As if signaling all its troubling features, Measure J comes packaged with a most unfortunate name: the Paredon Oil and Gas Initiative. In Latin America, political enemies were often sentenced to El Paredon — literally, to the wall, but meaning, of course, to the firing squad, which is not entirely unlike the presentiment stirring in the hearts of many Carpinterians in response to Measure J, the initiative sponsored by the Denver-based oil company Venoco.

As BP’s Deepwater Horizon rig continues to spew more than 200,000 gallons of oil daily into the Gulf of Mexico, Californians — and most especially Santa Barbara and Ventura counties — would be wise to consider the potential threat looming on their own shores should Measure J pass on June 8.

However, neither state nor county residents can vote on this crucial initiative. The only ones who can are 6,000 Carpinteria residents who live within the town’s postage stamp-size limits, and who are blasted daily with a lobbying campaign that appears to have exceeded $100 per voter.

Venoco’s targeting of Carpinteria and excluding of county voters was no accident. Initially, the oil company filed an application with the city, triggering the standard environmental review process. But, as that process began to reveal the damaging impacts of oil drilling on the town’s sensitive beach areas (scores of impacts were identified, 11 in the Class 1 category), Venoco pulled the plug on its application.
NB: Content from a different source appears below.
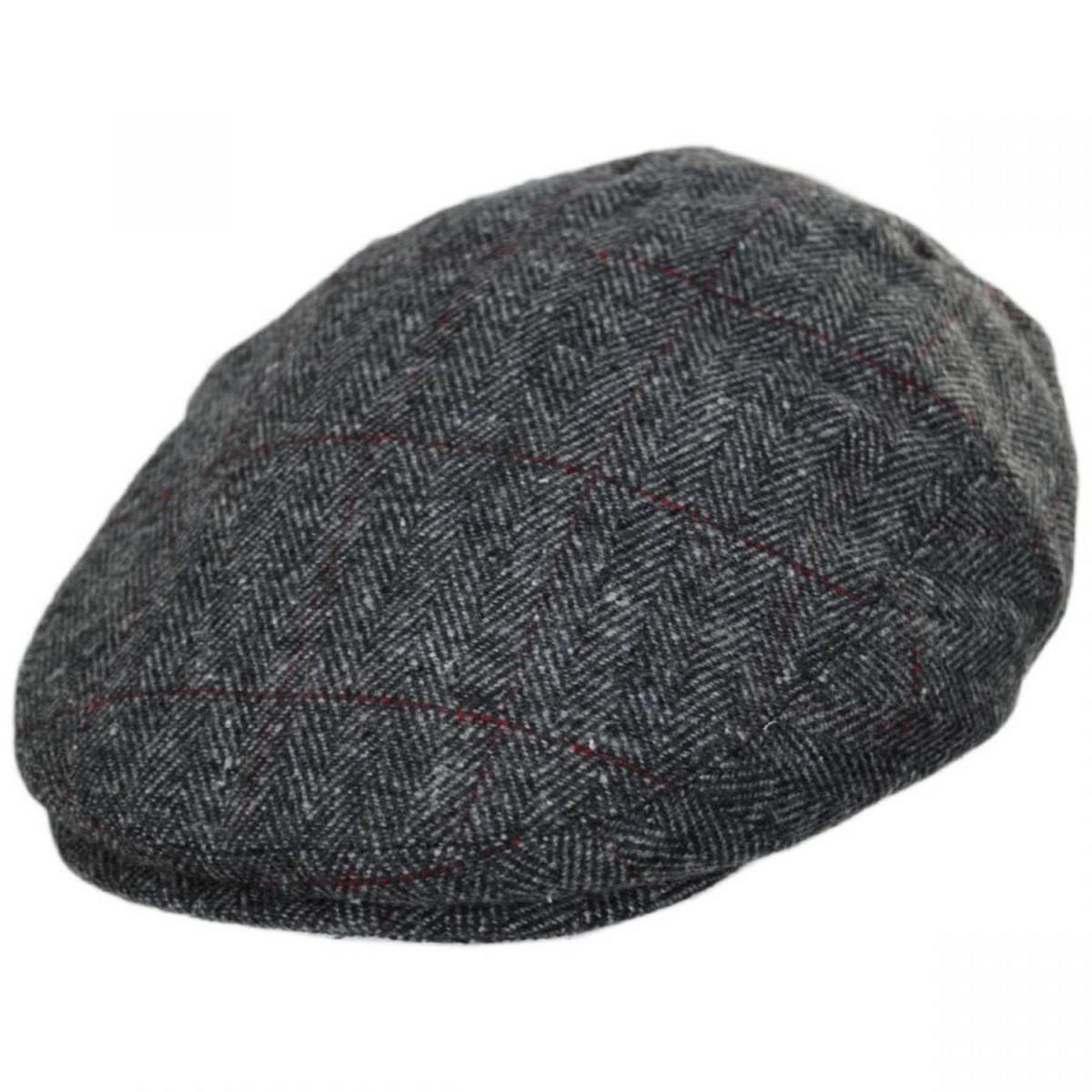 Jaxon Hats | Cosmo Herringbone Plaid Wool Blend Ivy Cap | 167560 | lead | GREY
Instead, Venoco opted to do an end run around the town’s review process — the very same review that all project developers must go through — by buying itself a slot on the ballot. Using a tony public relations firm, and recruiters paid $3 per signature, Venoco purchased an initiative. Its campaign has been ceaseless: full-page color ads in local papers, CNN and local TV spots, relentless door-to-door canvassing of targeted voters, promising benefits and jobs, and even some folks paid $125 to show up at focus groups.

Should Venoco prevail on June 8, no amount of mitigation could offset the negative environmental impacts, public safety issues, endangerment of marine mammals, and potential water pollution. Indeed, believe it or not, Venoco would be entitled to bypass the entire city public review process: no local environmental analysis, no public hearings, no conditions to protect public health and safety.

More sadly, Measure J would negate the years of community planning and citizen vigilance that have fashioned Carpinteria into such a desirable town. Quaint neighborhoods, majestic views, serene coastal bluffs, and hiking trails would be shattered by the construction of a 175-foot oil derrick on beachside cliffs that overlook one of the last harbor seal rookeries on the California coast.

Minimally, Venoco’s project would introduce clanging pipes, noxious odors, and bright night lighting while flirting with all the risks attendant upon slant-drilling up to 35 wells for 20 to 30 years, or possibly forever. Indeed, passage of Measure J would grant automatic and open-ended approval for Venoco to do virtually anything it wants on its 35-acre property — as long as it relates to the oil- and gas-drilling project. No future city council would have the power to change this, even in the name of public safety.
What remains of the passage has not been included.